Only the pictures are to be dropped; return all other data below exactly.

> [COLLECTED DATA]
--------------------------------

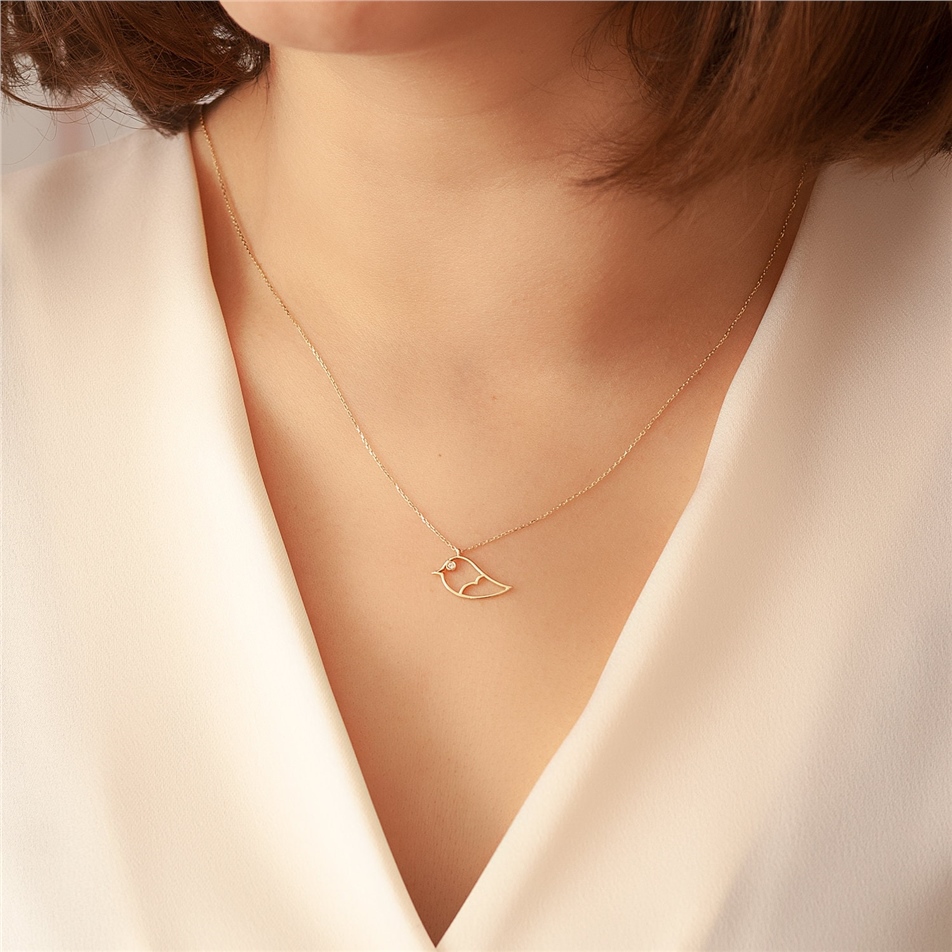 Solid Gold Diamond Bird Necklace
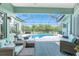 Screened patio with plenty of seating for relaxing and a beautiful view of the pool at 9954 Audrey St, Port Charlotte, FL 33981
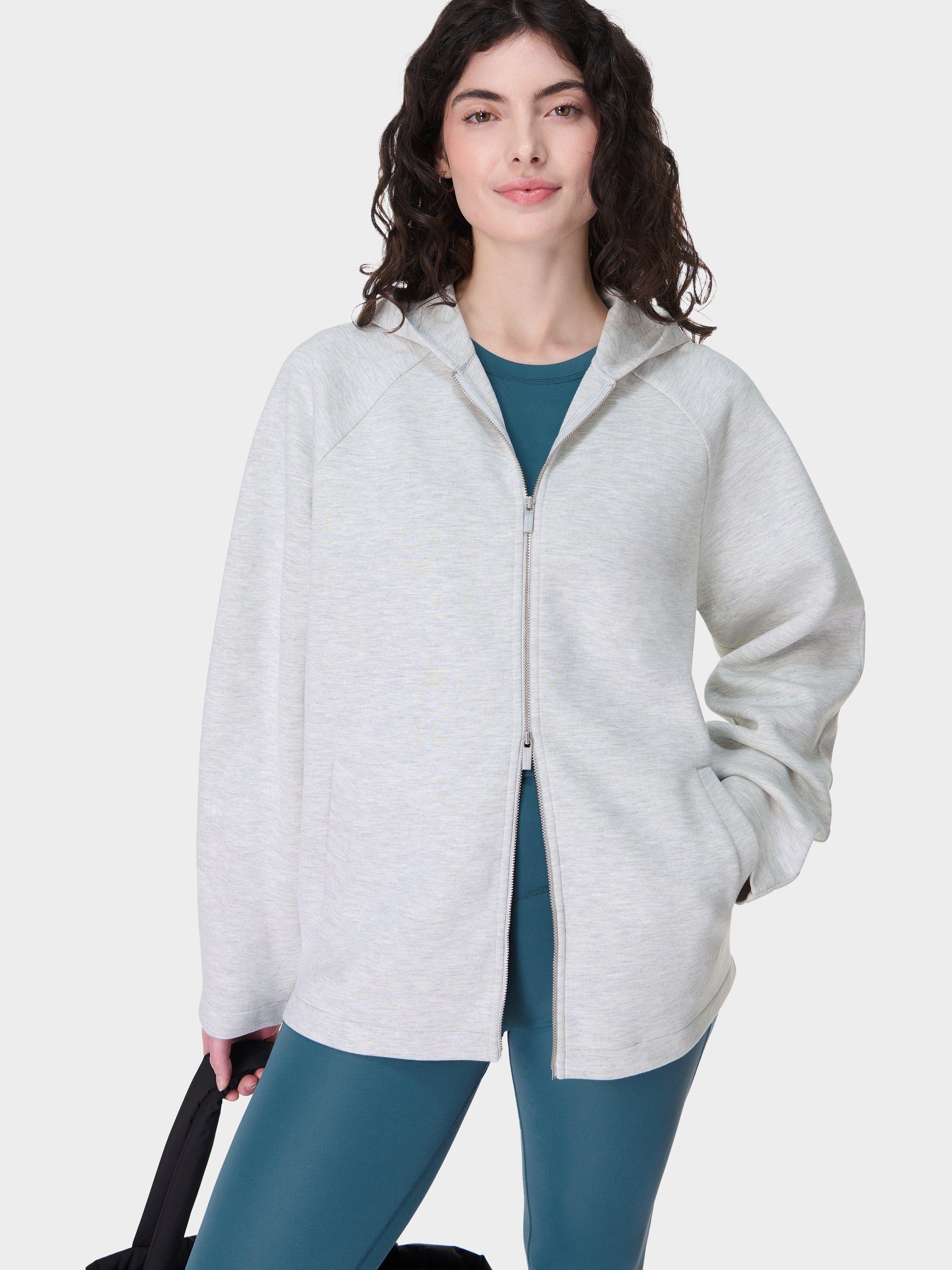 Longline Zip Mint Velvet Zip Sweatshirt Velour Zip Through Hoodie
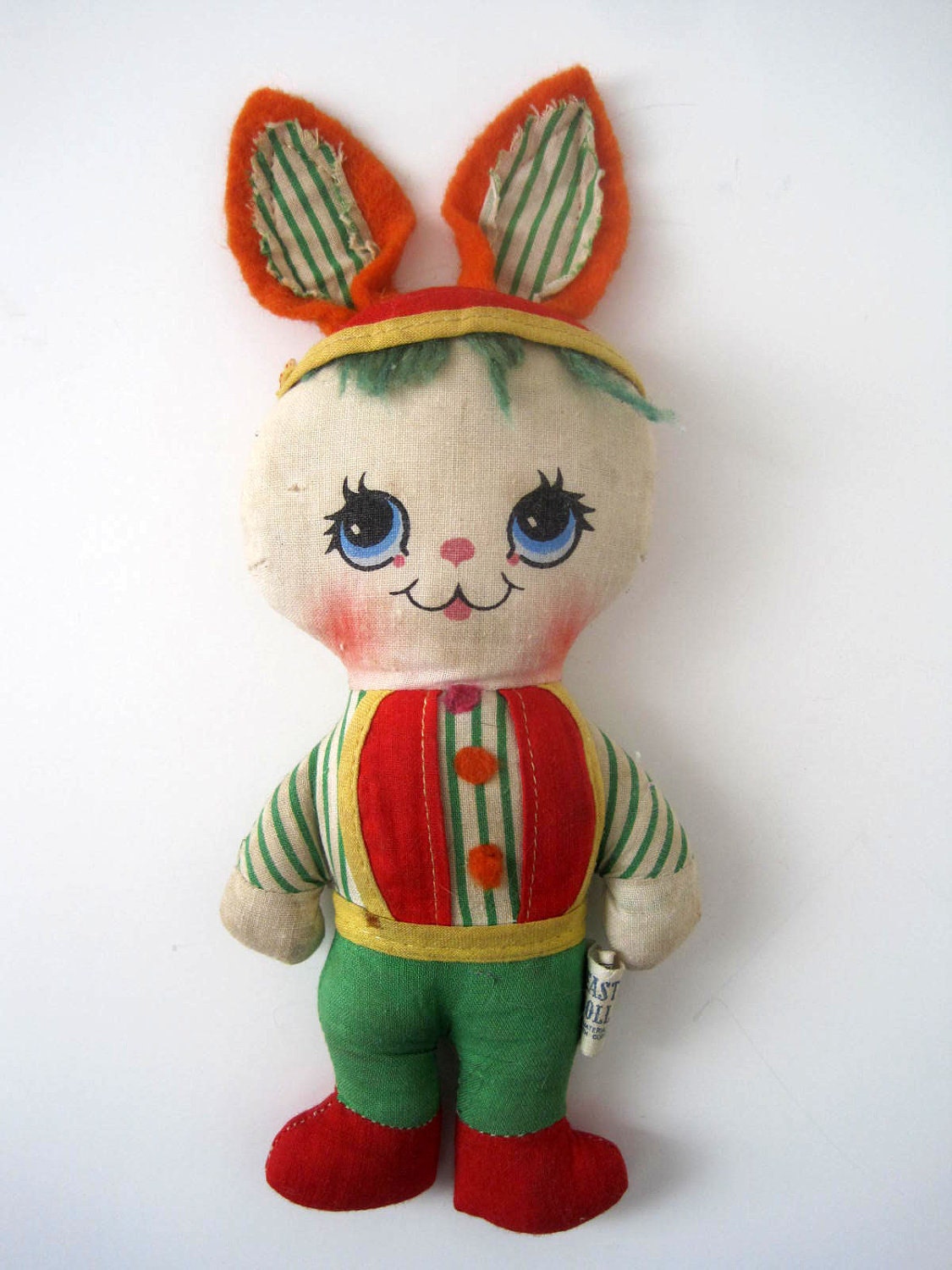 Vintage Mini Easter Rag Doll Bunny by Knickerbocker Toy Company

--------------------------------

> [WRITTEN ANSWER]
 Solid Gold Diamond Bird Necklace
 Screened patio with plenty of seating for relaxing and a beautiful view of the pool at 9954 Audrey St, Port Charlotte, FL 33981
 Longline Zip Mint Velvet Zip Sweatshirt Velour Zip Through Hoodie
 Vintage Mini Easter Rag Doll Bunny by Knickerbocker Toy Company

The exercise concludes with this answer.